Справившись со здоровенным стволом - не менее двенадцати дюймов в

отрубе! это, пожалуй, без малого кубик, - я распрямляюсь, сдвигаю шапку с

влажного лба... Стоит околдованный зимой лес. Да не какой-нибудь жиденький,

просвечивающий, а нетронутый от века северный бор - глухой, нескончаемый, с

великанами соснами и лиственницами. Его впервые потревожили люди... Деревья

плотно укрыты снегом. Ели стоят как торжественные, сверкающие свечи. Там,

где не достает солнце, скопились яркие синие тени. Не заросшие подлеском

поляны и прогалы в плавных мягких буграх, похожих на белые волны: они

искрятся и блестят в тели. И так тихо, так неподвижно кругом, что мерещатся

какие-то волшебные чертоги из сказки. Я поддаюсь очарованию, даже

отвлекаюсь от своего дела - такой первозданной красотой довелось

любоваться! - но не настолько, чтобы забыться, зашагать между деревьями.

Уйти в эту красоту куда глаза глядят...

Невдалеке сухо щелкает винтовочный выстрел. Сразу настораживаюсь:

давеча у костра рассказывали про знакомого зэка с ближнего лагпункта.

Приметный был человек, и многие его знали. Он носил пышные усы с

подусниками в память командира своей незабвенной Первой Конной, сохранил

папаху, которую   лихо заламывал и сдвигал набок. Его не остановил

предупредительный выстрел конвоира, крикнувшего ему, чтобы не заходил

дальше прибитой к дереву дощечки с выведенными углем буквами: "Зона". Этот

бывший буденовец, сильно поморозившийся накануне, будто бы сказал

товарищам: "Чем тут понемногу десять лет сдыхать, лучше разом кончить" - и,

зашвырнув топор в снег, открыто попер мимо часового... Так, должно быть,

когда-то бесстрашно шел он на цепи белых. Четвертым выстрелом часовой убил

его наповал.

Однако на этот раз все было вовсе иначе.

Послышалось тугое поскрипывание снега под бойкими шагами, и на дороге

из-за деревьев показался припорошенный снежком человек в коротком

полушубке, с раскрасневшимся на морозе оживленным лицом: он издали

приподнял - смотрите, мол! - убитого глухаря, которого держал за лапы.

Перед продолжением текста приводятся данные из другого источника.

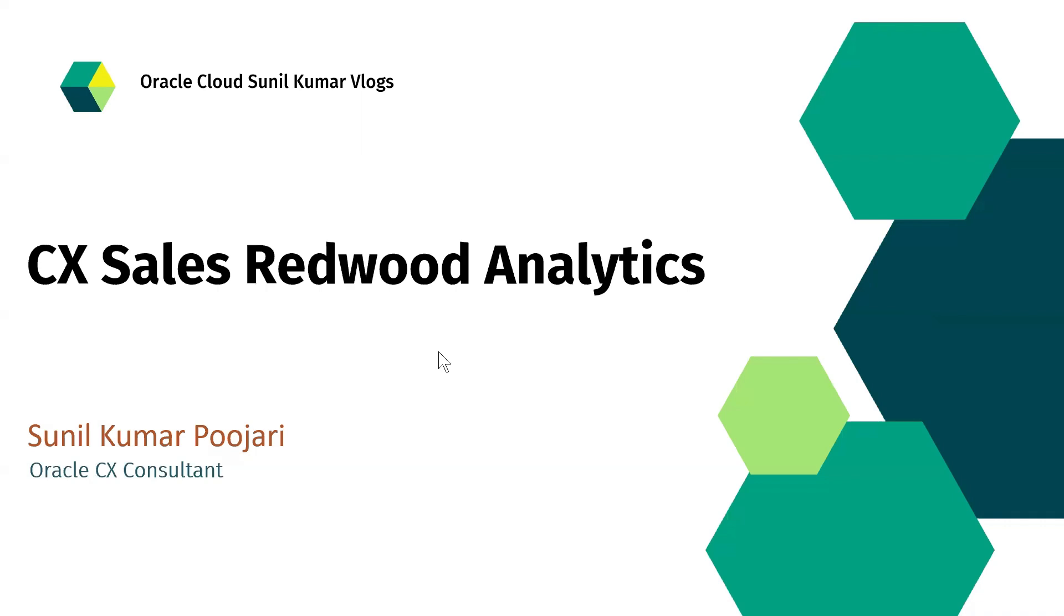Now we will see about CX Sales Redwood Analytics. In CX Sales, earlier we have the sales...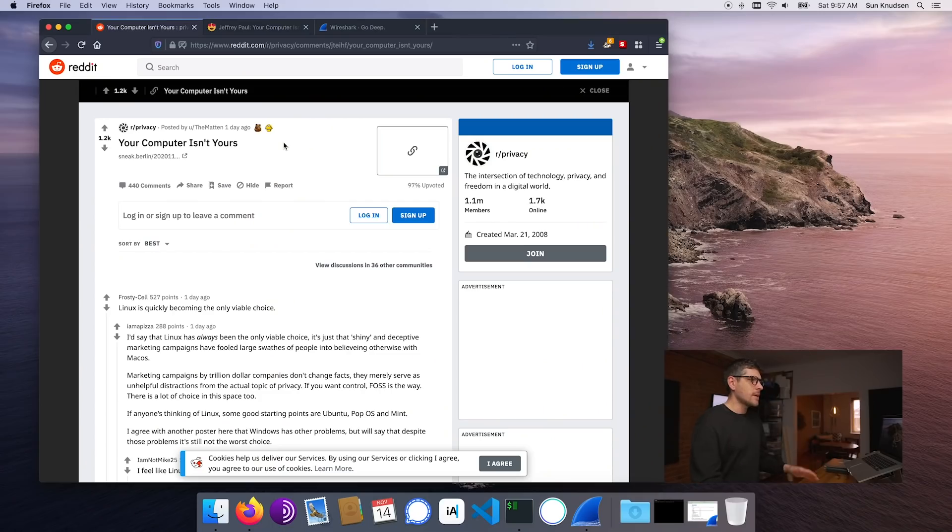In today's episode, I was supposed to follow up on last episode on cloud backups and Borg, but something is happening here on Reddit.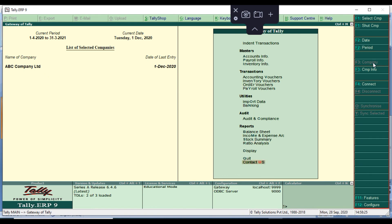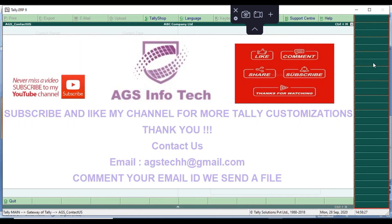Thank you friends. If you want the indent module, please contact us at agstekets@gmail.com. If you are new to our channel, please subscribe so you never miss our new videos. Please like, share, and comment on our channel. Thank you for watching.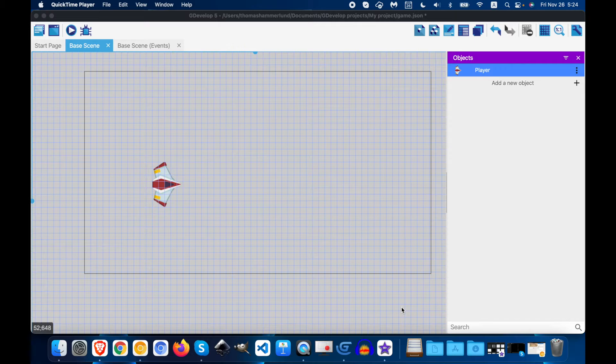For part 2 in Space Shooter, we're going to start making the object move, or our player move.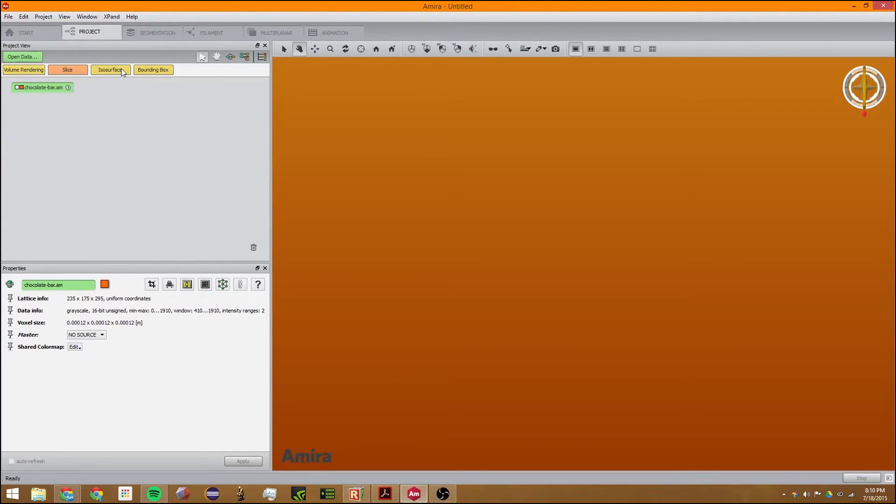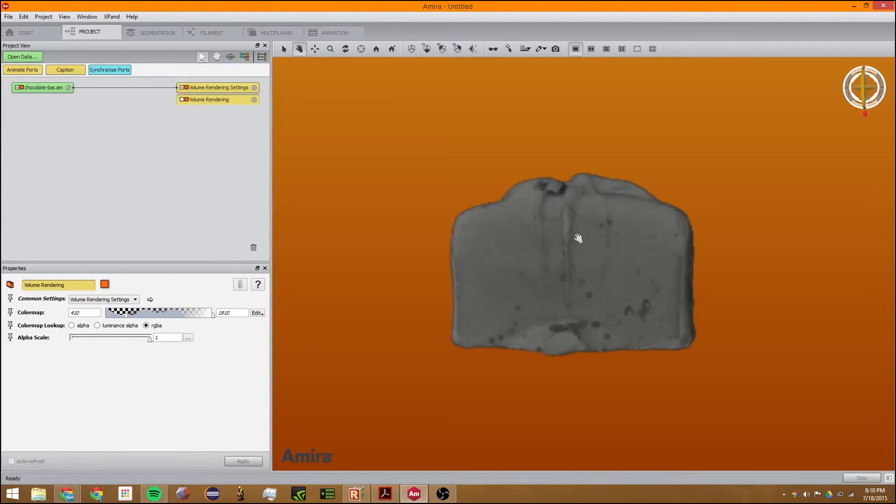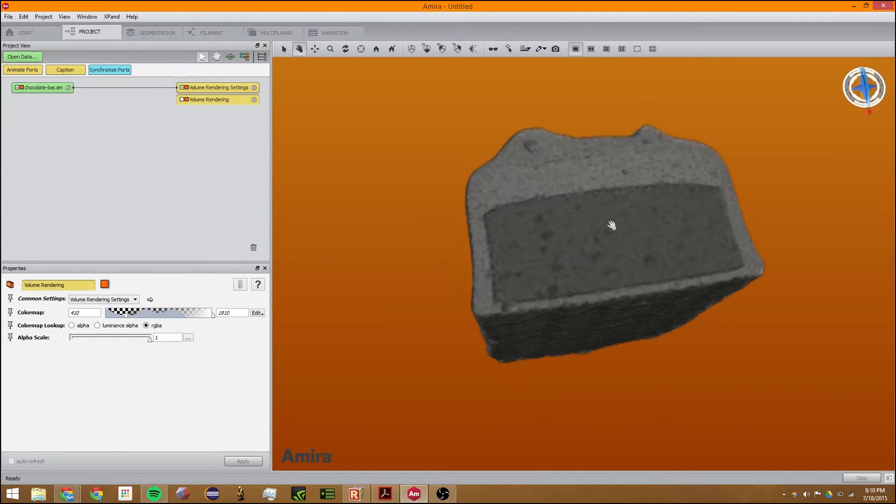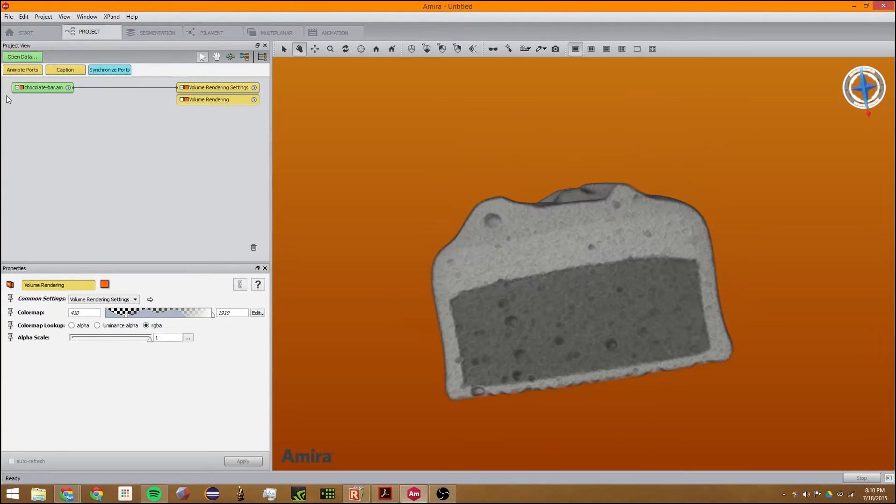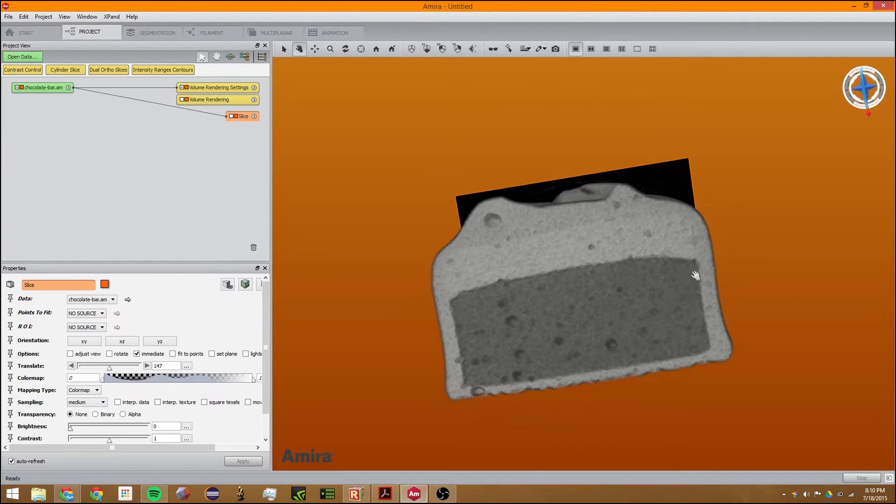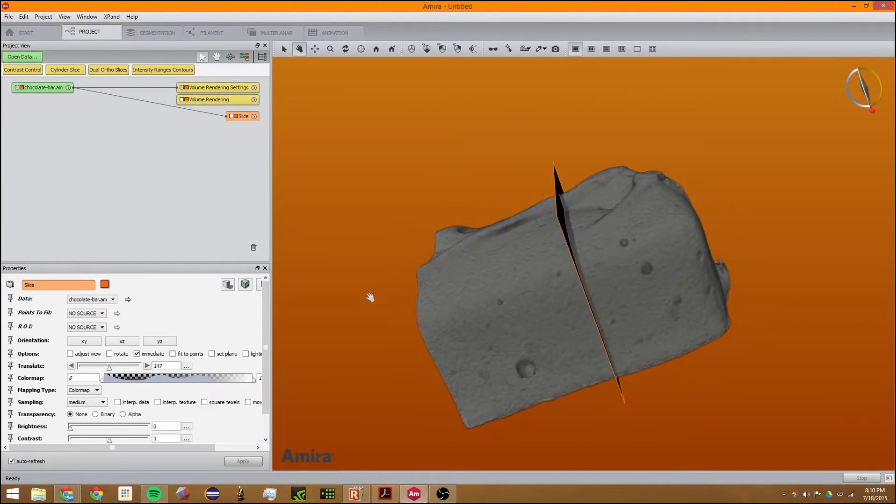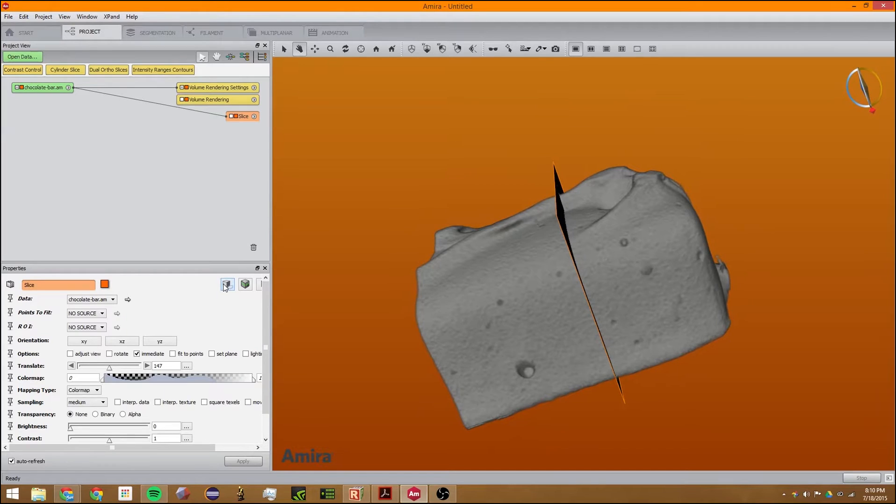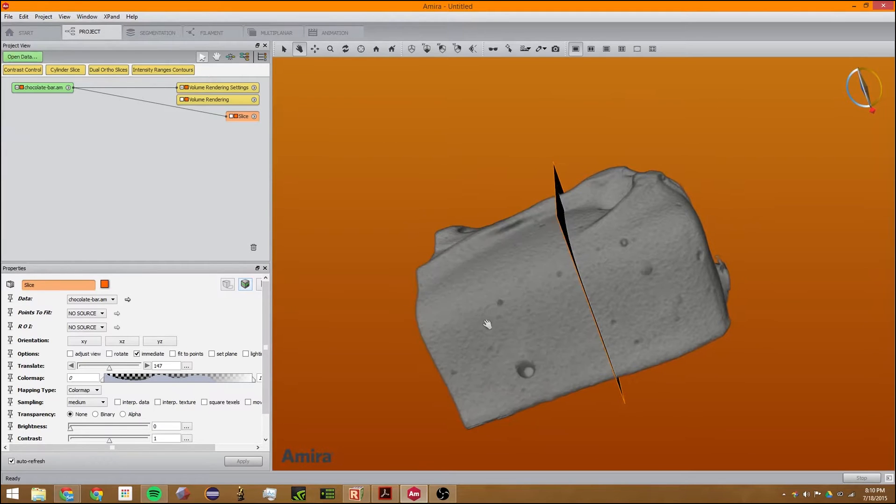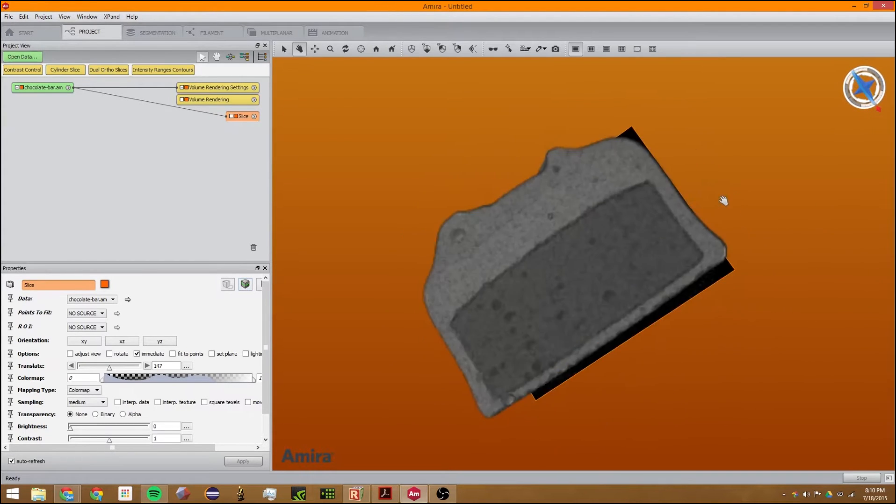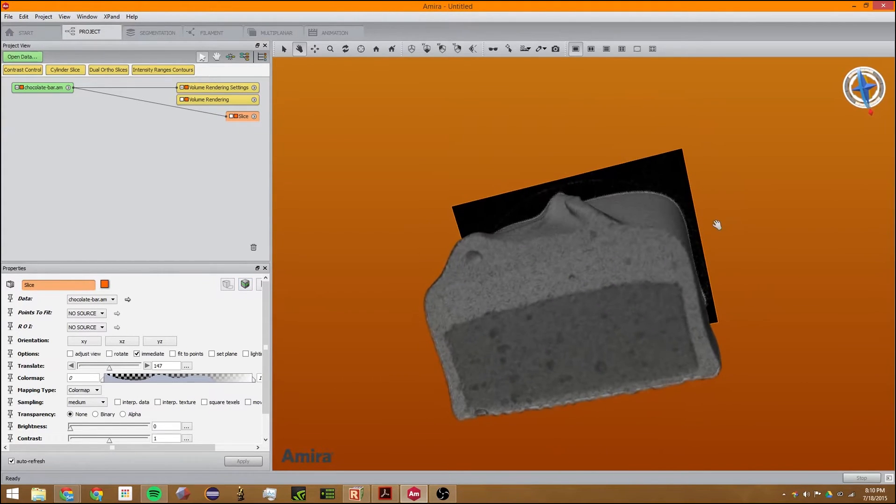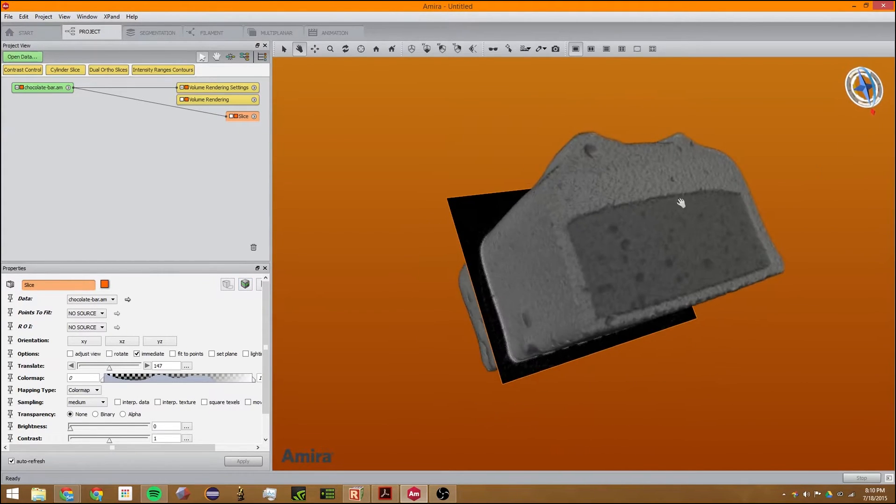You can click on volume rendering to see the data in 3D. You can also use ortho slices, which are slices inside your data. You can choose X, Y, or Z, and it will change right there.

Это

- конвоир. Но сейчас он только охотник, хвастающийся своей добычей,

радующийся удаче. Подправив винтовку на ремне за плечом, он запросто

подходит к кучке заключенных, рассказывает, демонстрирует убитую птицу, "аж

в сердце угодил". Потом, вынув кисет и закурив, отрывает бумажки и дает

щепоть махорки:

- Покурите, ребята!

Проснулся и во мне охотник: не отрывая взгляда, любуюсь великолепной

птицей, просто вижу, как сидит на вершине сосны темный, отливающий синим

блеском глухарина. Мне хочется сказать, что и я ходил на тока, метко

стрелял из мелкокалиберки, расспросить его, как все произошло, но... Сквозь

мимолетный приступ добродушия проглядывает - ее не спрячешь - привычная

настороженность конвоира, зоркие глаза его помимо воли шарят и шарят по

нашей кучке. Да и винтовка с боевыми патронами выдана этому сытому и

крепкому, самодовольному парню вовсе не для стрельбы по боровой дичи...

 

x x x

 

 

В растворенные настежь ворота лагпункта с прибитым к перекладине

кумачом со слинявшей надписью "Добро пожаловать" входят быстрым шагом,

шеренга за шеренгой, люди с кладью в руках и на спине. Конвоиры с двух

сторон громко отсчитывают пятерки. Начальство стоит в стороне, оценивая

пополнение. Вокруг преданно суетятся сотрудники УРЧ из заключенных. Они

тоже считают людей, делают перекличку, сличают приметы с установочными

данными в формулярах. Происходит предварительная сортировка прибывших по

статьям - этих в барак, тех - в землянку, а вот того сразу в шизо (штрафной

изолятор) - в зависимости от спецуказаний при каждом пакете. Врачи бегло

всех осматривают и тут же проставляют категорию трудоспособности. Кого-то с

места отправляют в стационар.

Мы стоим в некотором отдалении. Приглядываемся к лицам, вслушиваемся в

выкликаемые фамилии. Каждый ожидает - и страшится - встретить родственника,

друга, прежнего сослуживца. Хотя расспросы впереди и сейчас разговаривать с

новобранцами запрещено, у иных не хватает терпения. Они бросают наугад:

"Кто, может, встречал такого-то?" Эти наверняка ждут сведений об

арестованных близких.

Большинство в партии - военные в комсоставовских длиннополых шинелях,

без форменных пуговиц и знаков различия. Много и штатских. Люди самые

разные, но вид у всех растерянный: на лицах - обида и недоумение. Этапники

словно не вполне очнулись после водоворота событий - изматывающего

следствия, шока приговора, мытарств пересылок. И наконец, последних

ритуалов, как бы подытоживающих переходное состояние и открывающих новую

лагерную главу жизни: их стригут и рядят в арестантские бушлаты. У

некоторых выражение, словно они не вполне осознают происходящее, надеются,

что это им померещилось: они вот-вот очнутся и возвратятся к своим

привычным делам - будут командовать воинскими частями, сидеть в штабах,

руководить, приказывать, выполнять ответственные поручения за рубежом.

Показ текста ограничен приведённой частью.